MHP’nin anahtarını teslim almak ve karanlık limanlara sürüklemek sevdasına düşenler MHP’yi devşirmeyi ve BOP’un taşeronu haline getirmeyi başaramadılar.

Komplonun siyasi figüranları, kötü yola düşürülmüş evden kaçan kız gibi savrulmaya başladılar.

Kim gel dese koşarak gider hale geldiler.

Aldandılar, aldattılar, sadece kendileri için ikbal aradılar….

Gün geldi.

Dengeler değişti.

Ama belli ki bazılarının “ağababaları” hiç değişmedi.

Etik bir hesaplaşma yaparak sürüklendikleri garabeti açıklamak ve aklanmak yerine, yine birilerinden işaret beklediler.

Gözleri “ağababalarının” işaret parmağına takıldı, kaldı..

Nereyi gösterecek diye bekleşir oldular..

Ağababaları CHP’yi gösterince koştular.

MHP bir fikir ve iman kalesi olarak durduğu yerde dururken, Mansur Bey çoktan CHP’lileşmeyi kabul etti.

Zira Mansur Bey’i renkten renge, kılıktan kılığa sokan irade öyle istiyordu.

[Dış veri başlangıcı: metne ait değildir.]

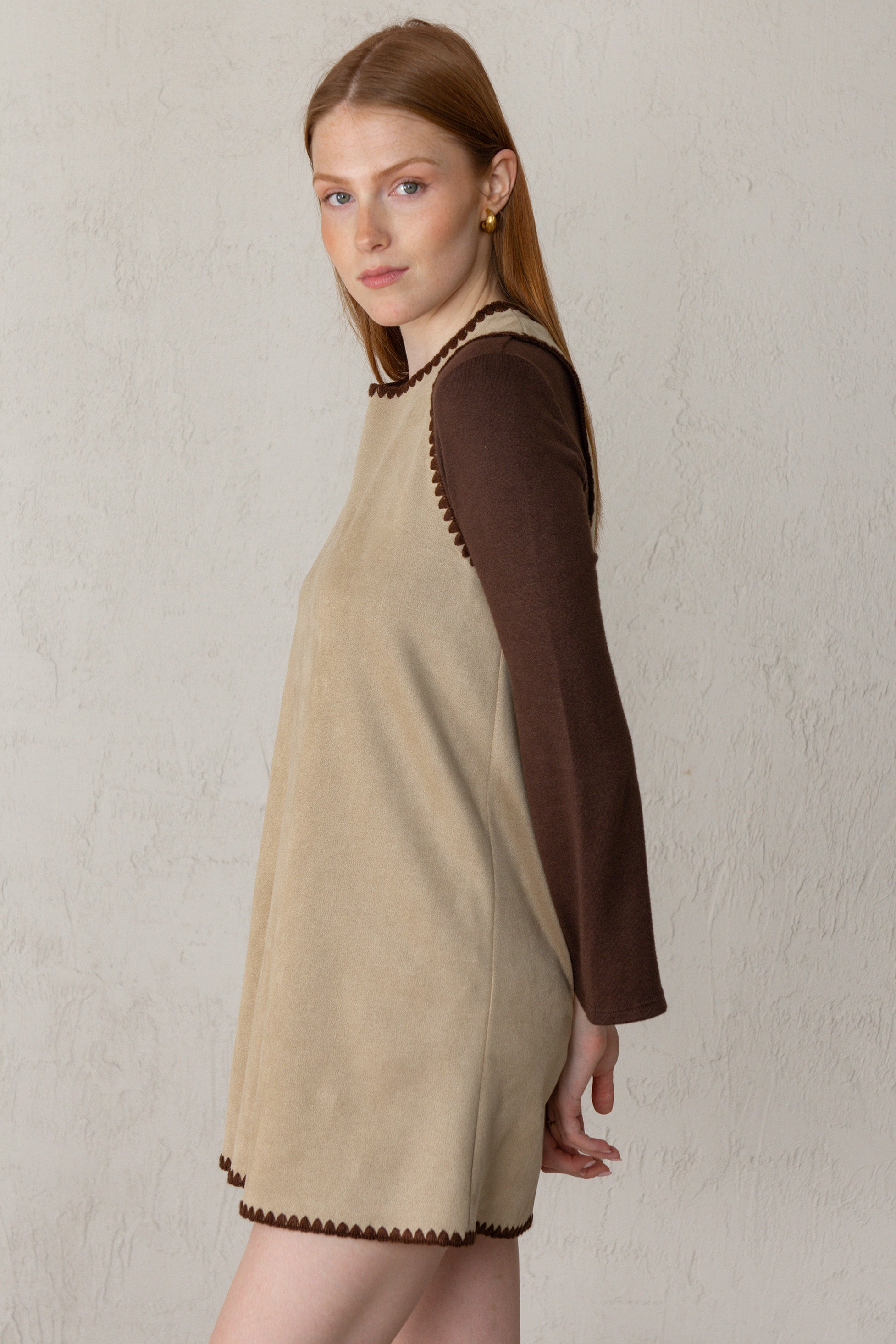 VESTIDO GALA // BEIGE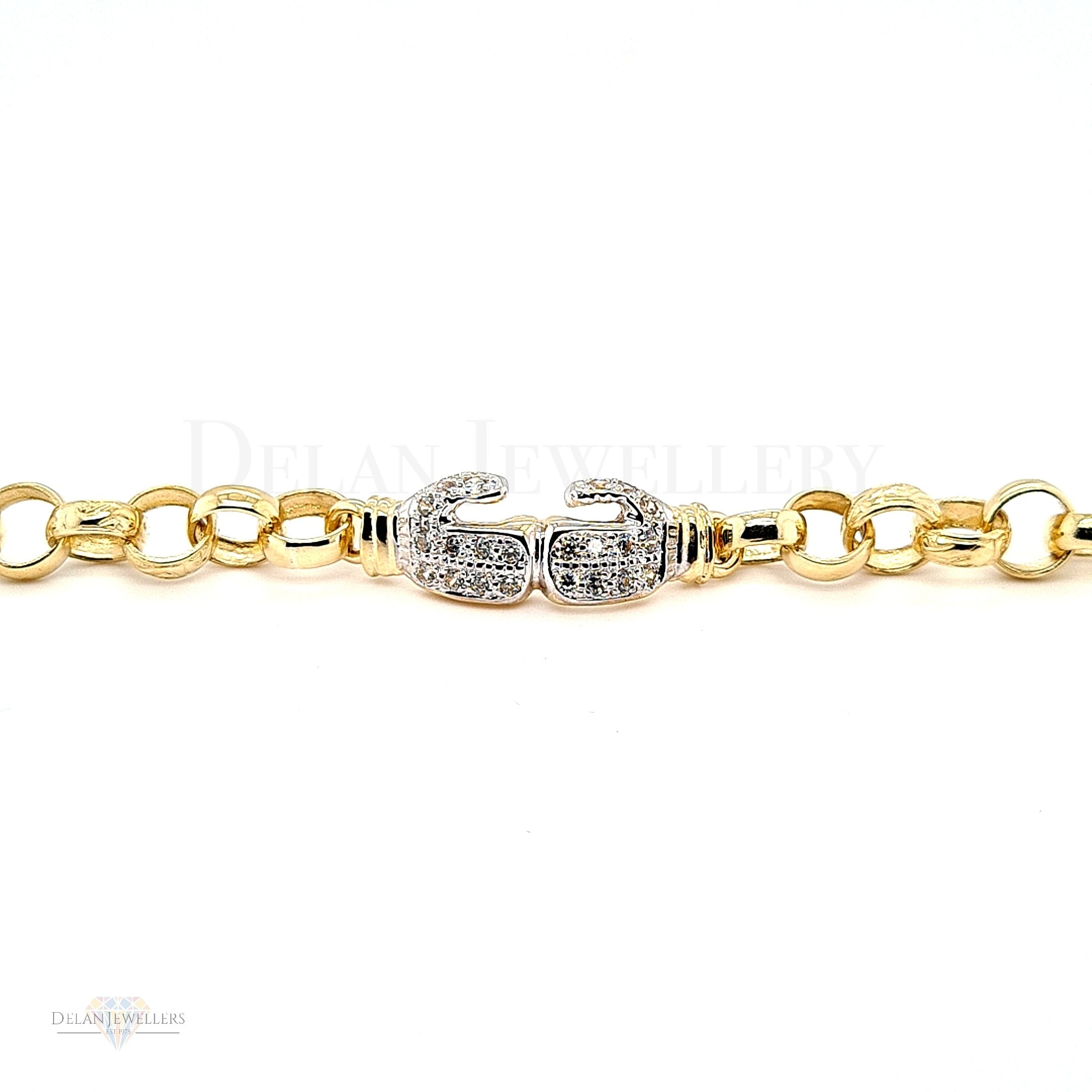 9ct Yellow Gold Children's Boxing Glove Bracelet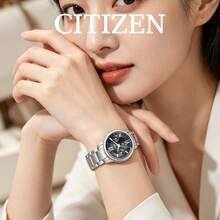 Citizen Women Silver Steel Band -Drive Watch Minimal Office Ladies Analog Wristwatch Gift For Her FD1010-53E - FD1010-53E - View 4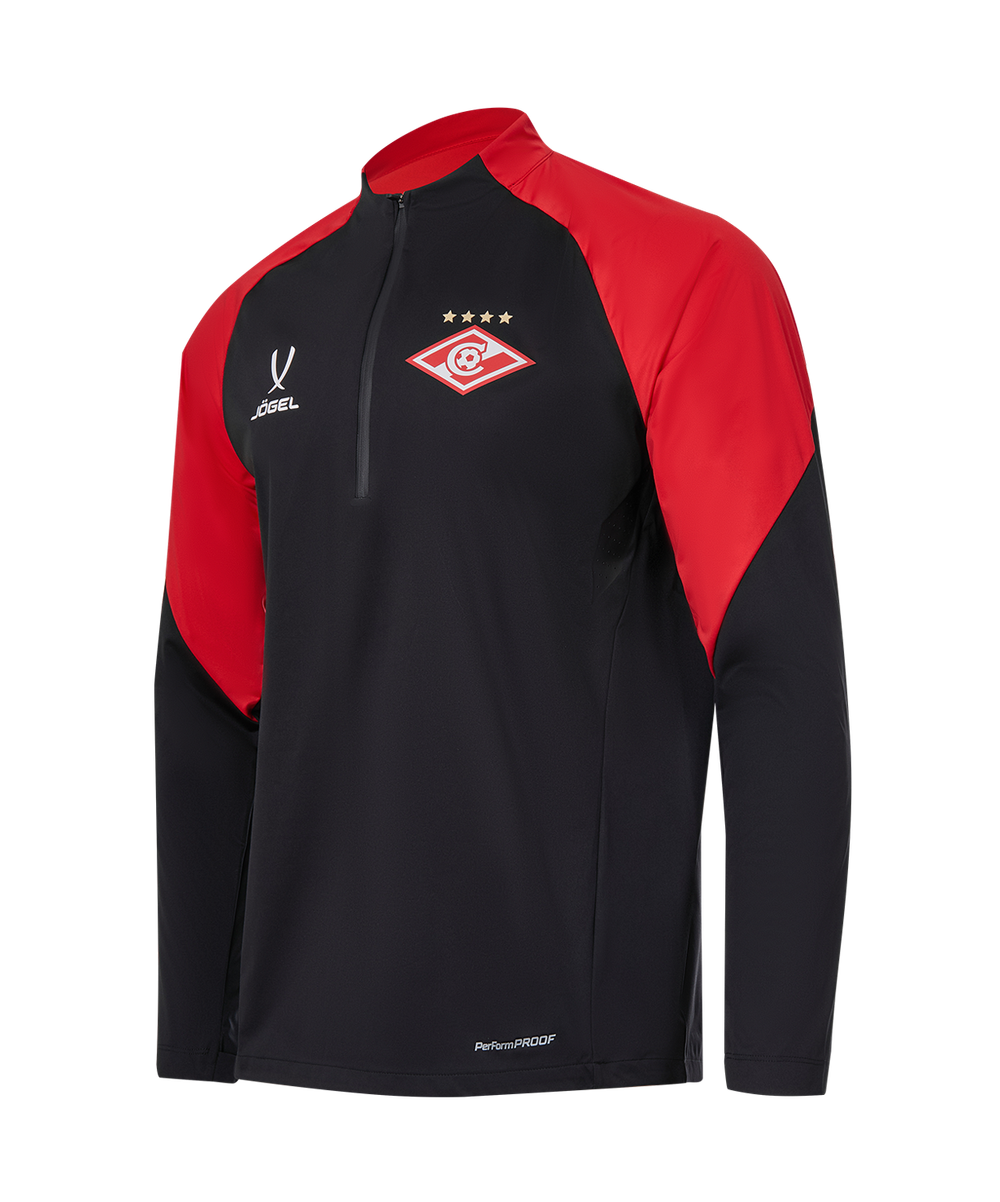 Джемпер ветрозащитный Jögel PREMIER PerFormPROOF Spartak 1/4 Zip Wind Top, черный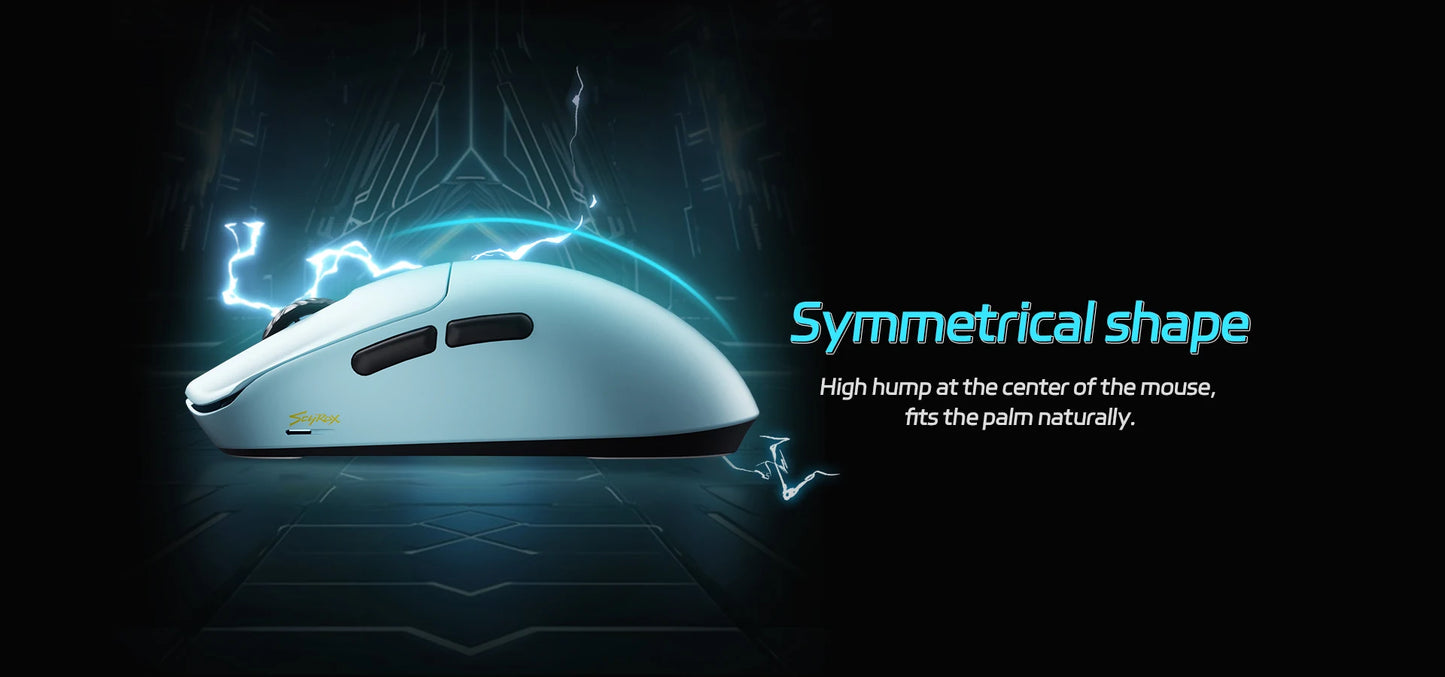 Shopdroplo SCYROX V6 Wireless Gaming Mouse – Pixart 3950 Sensor, Omron Switches, 8K Dongle, Web-Based Software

Belli ki Sezgin Tanrıkulu’nu CHP’ye monte eden irade, MHP’ye yönelik kaset operasyonlarından netice alamayınca elde kalan Mansur Yavaş’ı da CHP’ye monte etmeyi uygun gördü.

Şimdi CHP’nin büyükşehir belediye başkan adayı ve ülkücülerden oy almayı umut ediyor.

Oysa ülkücülerin zaten bir adayı var…

Prof. Dr. Mevlüt Karakaya…

Ve 30 Mart 2014 akşamı,

“Aldanmışlık ve aldatmışlık” düzeyi “tanınmışlık” seviyesinin üzerine çıkmış bir adaydan medet umanlar Ankara’da “inanmışlığın” zaferine şahit olacak.